In Australia, a school has taken dressing up the disabled quite literally. According to The Telegraph, Ramco Primary School stirred an outrage after their “dress like a disabled person” event. Although the proceeds are for a good cause, the dress-up day was organised in poor taste. For disability advocates, there are other ways on how the school should have conducted inspirational activities for the people with disabilities.
Over the years, we’ve seen how some people have disguised themselves as people with disabilities (PWDs) during Halloween parties. In fact, using oxygen masks and wheelchairs has become a fashion statement, especially to the rich and famous. This is just outright insensitive and offensive. Dressing up the disabled is a huge undertaking and should not be taken as a joke.
Dressing Up The Disabled: Fashion Spreads Its Wings
People with physical and mental impairments, like the Japanese amputee artist Mari Katayama, use dressing aids and equipment that assist them when dressing up. Examples are sock aids, button hooks, zip extenders and dressing sticks. But if you want fashion to spread its wings upon them, there is a clothing line that makes dressing up the disabled a lot easier.
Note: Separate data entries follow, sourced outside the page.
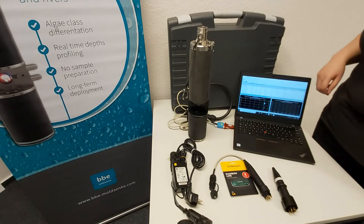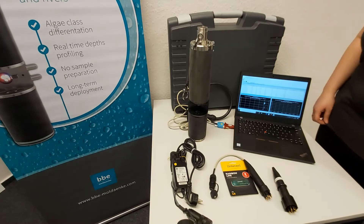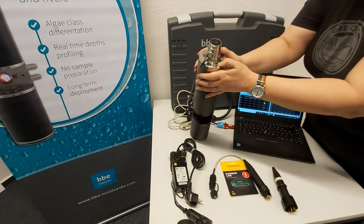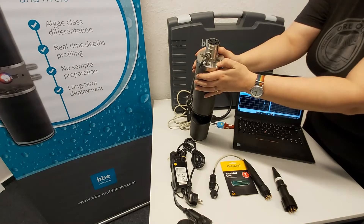Now we'd like to tell you a little bit about some of the accessories that come with the FluoroProbe. First of all, I wanted to point out the LED light on top, which indicates the battery charge level.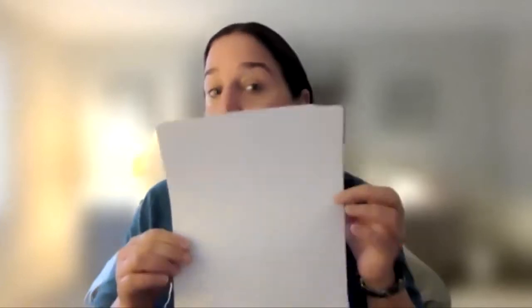Take your piece of paper and fold it in half, and then fold it in half again so that you end up with four quadrants on your paper and a direct center. Do that and then unfold it.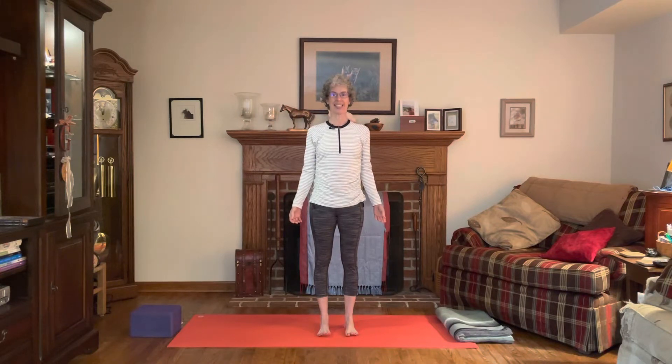Hi, thanks for joining me today. This video is going to focus on a flow that does some special work for our hands and our feet. Our hands and feet work hard for us, so we're going to add some little extra stretches and love for our hands and our feet during this sequence. We're going to start standing.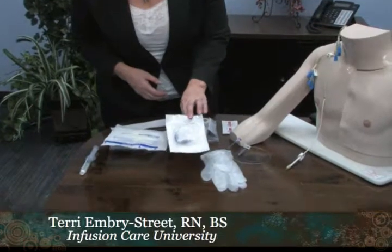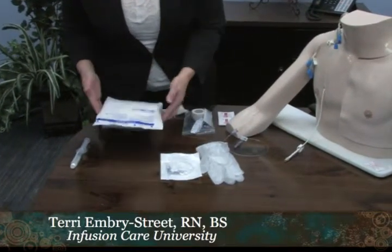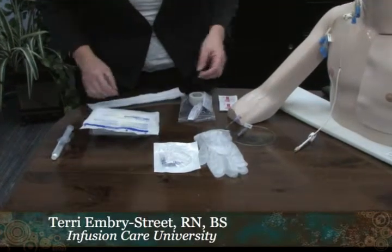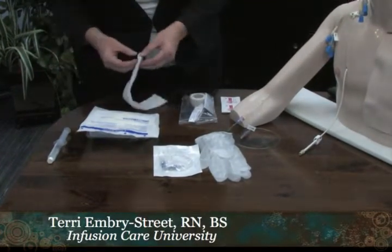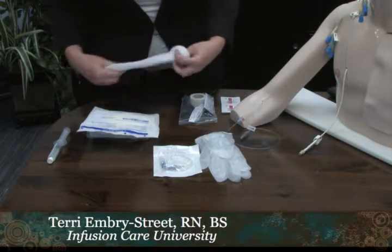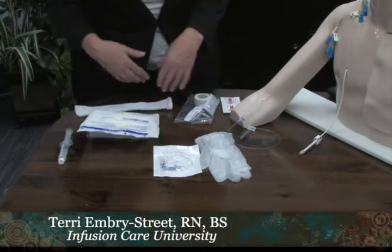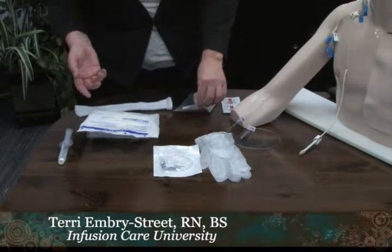Let's get into a supply review. I have my clean gloves, an extension set that has the microclave that we supply you, and a dressing change kit. This goes on and holds the line secure after everything is said and done. Also, alcohol pads, some saline, and you would also want heparin 100 unit per ml.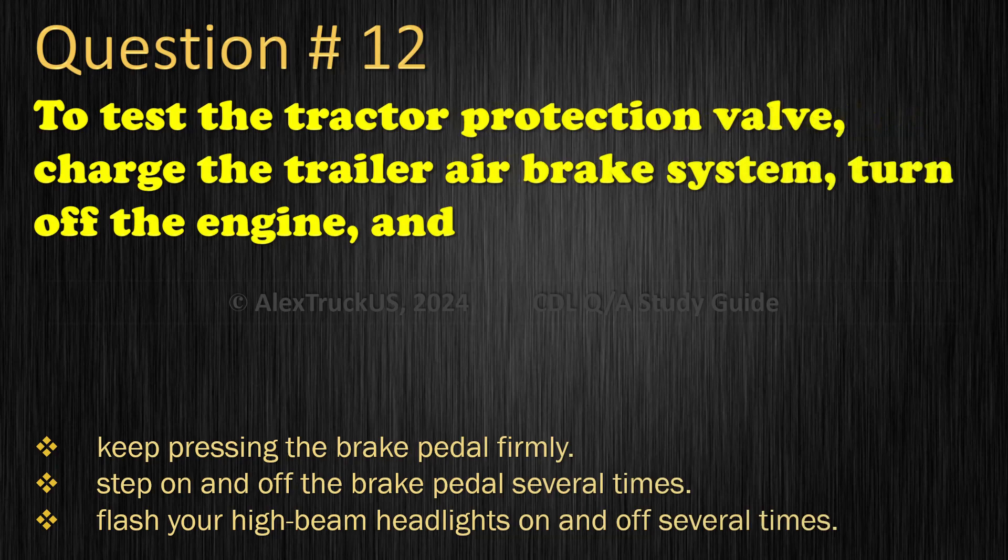Question 12: To test the tractor protection valve, charge the trailer air brake system, turn off the engine, and: Keep pressing the brake pedal firmly; Step on and off the brake pedal several times; Flash your high beam headlights on and off several times. The correct answer is: Step on and off the brake pedal several times.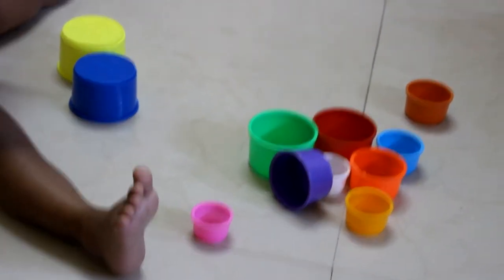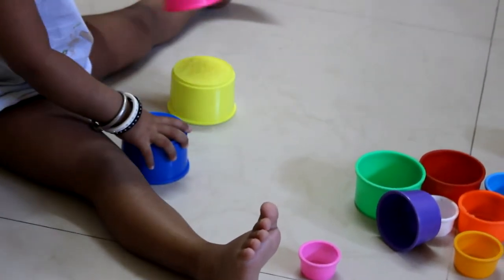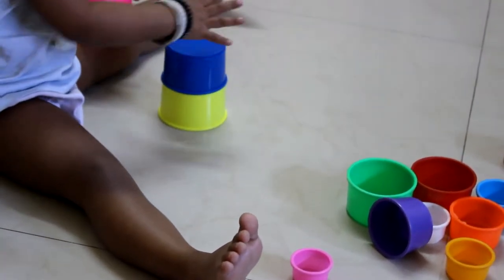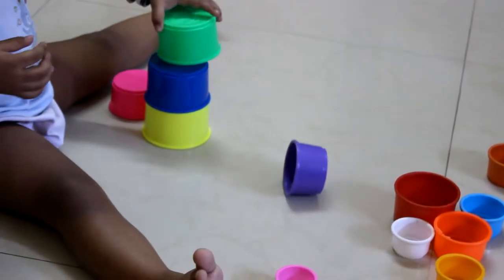Pick yellow. No. Arrange it properly. Yellow. Blue. Green. Green.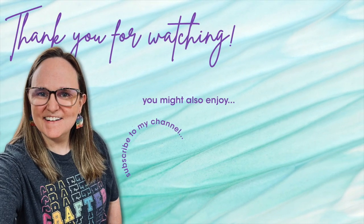Thank you so much for taking the time to watch all the way to the end of the video. I hope you'll consider clicking on one of the videos or playlists I have linked above, and if you're interested in any of the products or tools I used today I do have some links in the description box below.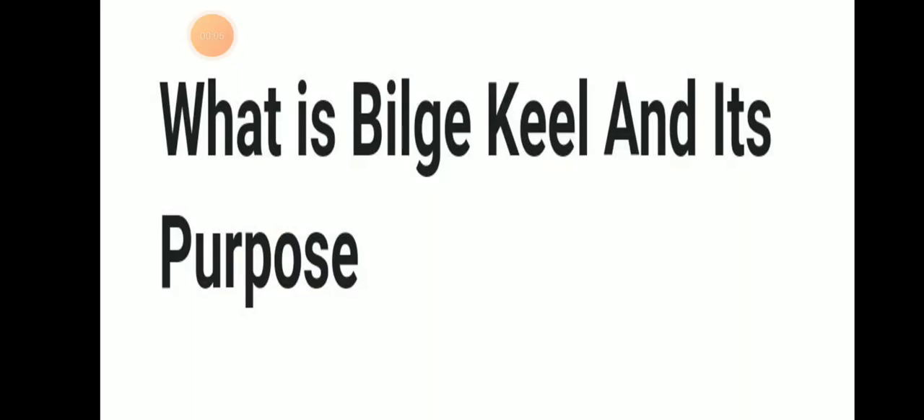Hello friends, welcome to Daring Marani YouTube channel. Today we will be discussing about what is Bilge Keel and its purpose.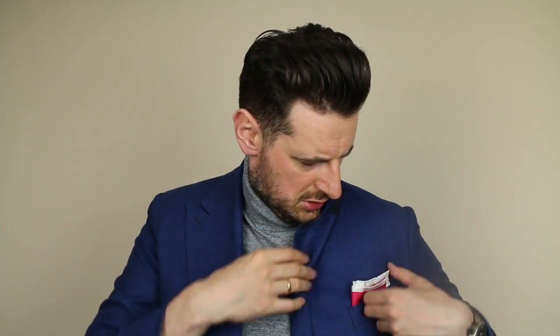From there, adjust the length to match how deep your pocket is and play with the width. Put it in and see how it looks — slide it a bit deeper until you can see two fingers showing. Even looking at the internal parts you can see the edges folded together. That's a very clean look.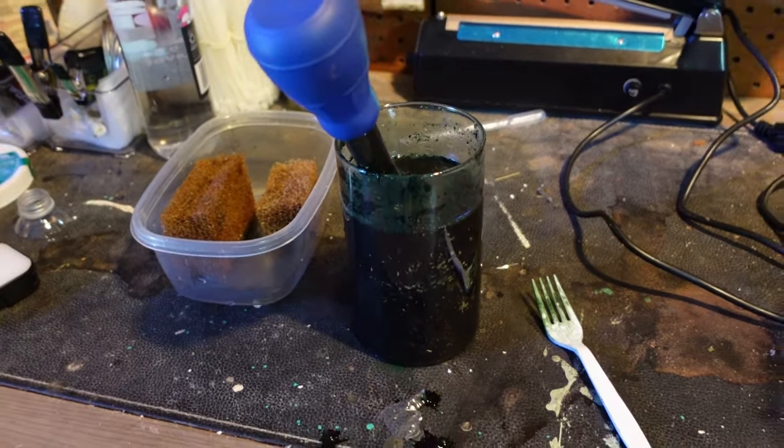Right here is our fry grow-out system. We have German black rams in this one and clown killifish in this one here. All I do is squirt a little bit in there for the German black rams — normally a couple of squirts — and I'm going to do the same for the clown killifish. A little bit for the clown killies, a little bit more for the German black rams. I recommend feeding a good bit of this stuff. And now that we've fed our fish, we can feed this culture.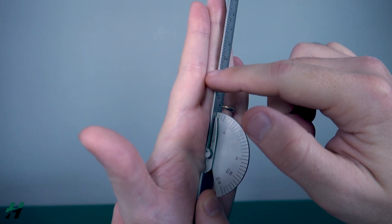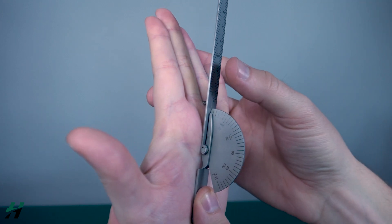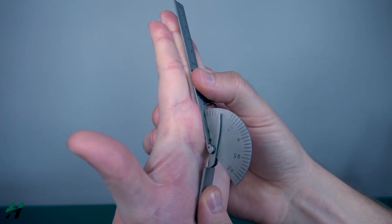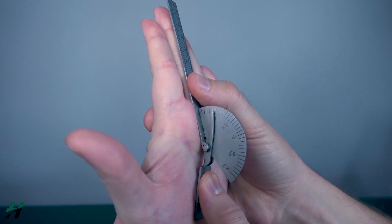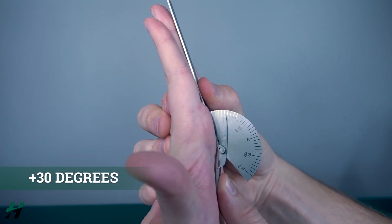Rachel, I want you to extend your hand backwards as far as you can go. Right on there — we're looking at 30 degrees of hyperextension.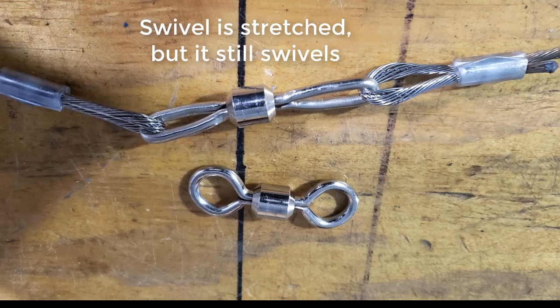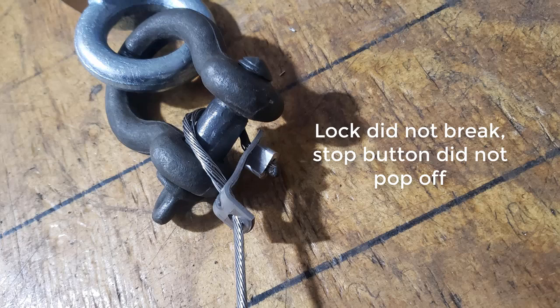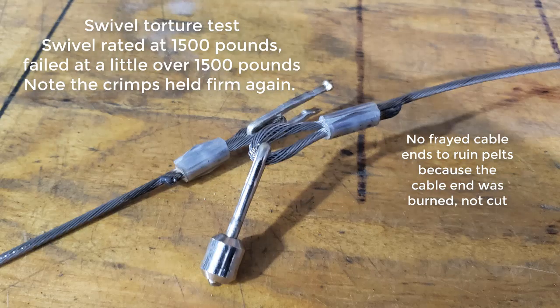I've got a lot of these videos that I could put up here, but honestly they're about as exciting to watch as watching paint dry. The key takeaway is that each component of the snare is tested — the cable, the crimp, the lock, the stop buttons — everything is tested to make sure that it either meets or exceeds specs.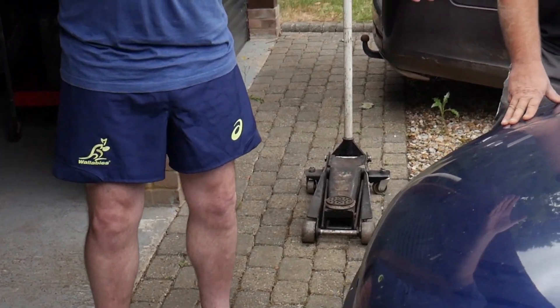I am dressed in the attire ready to service this car. I have my apprentice Lee. I've got Lee's favourite tool.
Independence Day Clothing, the company that specifically caters disabled kids and adults, is the idea of Lauren Thierry. You probably have heard her name as she was a news anchor for CNN. Since Thierry has a son with autism, she knows too well how laborious it is to put on clothes on PWDs. She then decided to put up this clothing line.
Thierry’s company produces clothes that are not only fashionable, but are also comfortable and easy to wear. The clothes and dresses do not have zippers, seams, buttons and even laces. These can also be worn in any way as the inside and outside of the garments look the same.
Another business called Buck & Buck specialises in disability clothing. They have various clothing styles depending on the person’s capacity to dress himself or herself. For women, Buck & Buck offers cut float dresses that are ideal for those in wheelchairs; pull on, side zip and back flap slacks; adaptive dresses and a whole lot more. While for the gents, they have waterproof fleece and ponchos, snap back undershirts and open back shirts.
In dressing up the disabled, there are available fashionable clothes that do not sacrifice its comfort and functionality. Kudos to Buck & Buck and Independence Day Clothing!